The Search for a Showroom
The first challenge for any potential FFV buyer in India is simple: finding one to buy. While the government's ambition is clear, the reality is that the market is still in its infancy. As of mid-2026, very few mass-market flex-fuel models are actually
available for purchase. Automakers like Maruti Suzuki and Tata Motors have showcased prototypes of popular models like the WagonR, Fronx, and Punch, capable of running on high-ethanol blends like E85 (85% ethanol). However, the rollout has been slow. This scarcity creates a classic chicken-and-egg problem. Carmakers are hesitant to commit to mass production without a clear demand and a robust fueling network, while customers cannot buy cars that aren't in the showroom. For FFVs to move from policy documents to public roads, a much wider and more diverse range of models—from affordable hatchbacks to popular SUVs—needs to become readily available.
The Fueling Hurdle
Even if you could buy an E85-compatible car today, your next challenge would be finding the fuel. India has made impressive strides in rolling out E20 petrol (20% ethanol blend), which is now the standard across the country and compatible with most vehicles manufactured after April 2023. But true flex-fuel vehicles are designed for much higher blends, like E85, to deliver their full potential. As of June 2026, dedicated E85 pumps are extremely rare, with a few initial stations opening in major cities like Delhi. Reports suggest the government aims to have around 500 E85 stations in the near future, a tiny fraction of the more than 72,000 stations dispensing regular petrol. This limited infrastructure makes owning an FFV impractical for most people, especially outside major urban centres. Until E85 fuel becomes as easy to find as regular petrol, the appeal of a car designed to run on it remains severely limited.
The Savings Equation
The most critical factor for widespread adoption is the cost.
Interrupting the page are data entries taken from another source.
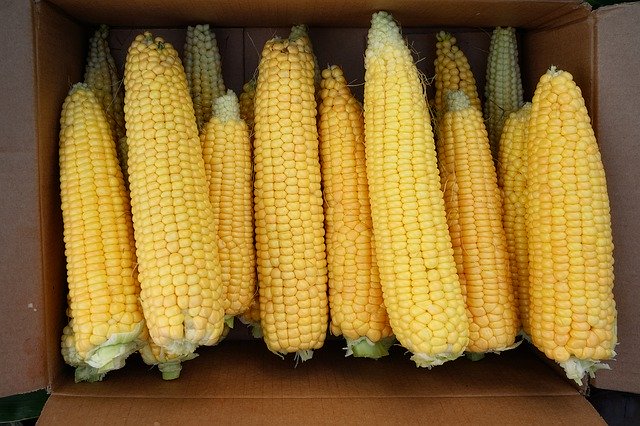 تنزيل مجاني Corn Harvest Yellow - صورة مجانية أو صورة لتحريرها باستخدام محرر الصور عبر الإنترنت GIMP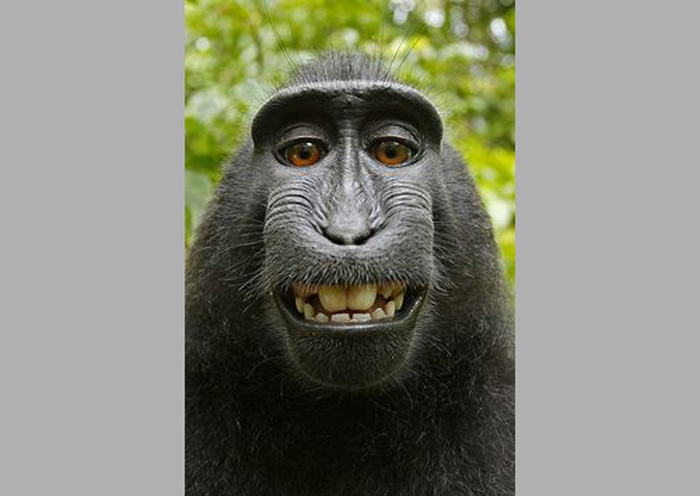 Naruto, a famous monkey known for taking a selfie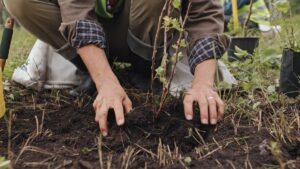 ANKARA (AA) – Çevre, Şehircilik ve İklim Değişikliği Bakanı Murat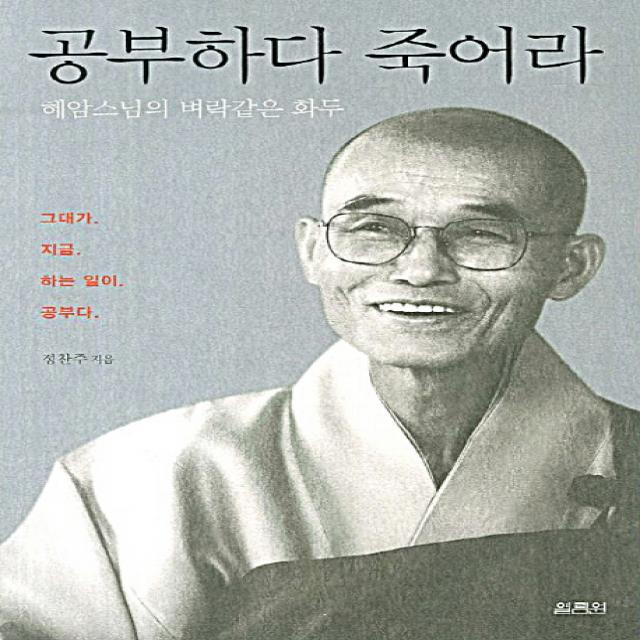 공부하다 죽어라:혜암스님의 벼락같은 화두 열림원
A flex-fuel vehicle needs to make financial sense for the average consumer. This is currently the biggest hurdle. Firstly, FFVs are more expensive to buy. Making an engine E85-compliant requires modifications to the fuel system, which adds to the manufacturing cost. For example, a flex-fuel version of the WagonR was reported to be priced significantly higher than its standard petrol counterpart. Secondly, there's the running cost. Ethanol has a lower energy density than petrol, which means your car's mileage will drop when using a higher ethanol blend. An engine running on E85 can see its fuel efficiency decrease by 20-30% compared to petrol. While E85 fuel is priced lower per litre—around ₹20 cheaper than E20 petrol at its launch in Delhi—this discount may not be enough to offset the drop in mileage. A simple calculation shows that the cost per kilometre could actually be higher with E85, unless the price gap widens significantly.
What Needs to Happen?
For flex-fuel technology to succeed, a coordinated effort is required from all stakeholders. The government, automakers, and fuel companies must work together to break the deadlock. Automakers need to see a clear business case, which may require initial government incentives to bridge the price gap between FFVs and regular cars. Fuel companies need to aggressively expand the E85 dispensing network, backed by clear policy and investment support. Most importantly, the economic proposition for the consumer must be undeniable. As seen in Brazil, the world's most mature FFV market, ethanol-based fuels become attractive only when they are significantly cheaper than petrol—typically below a 70% price threshold—to compensate for the lower mileage. Unless the combination of a lower vehicle price, widespread fuel availability, and a clear, consistent saving per kilometre is achieved, flex-fuel vehicles will remain a niche-interest topic rather than a mainstream solution for India's mobility future.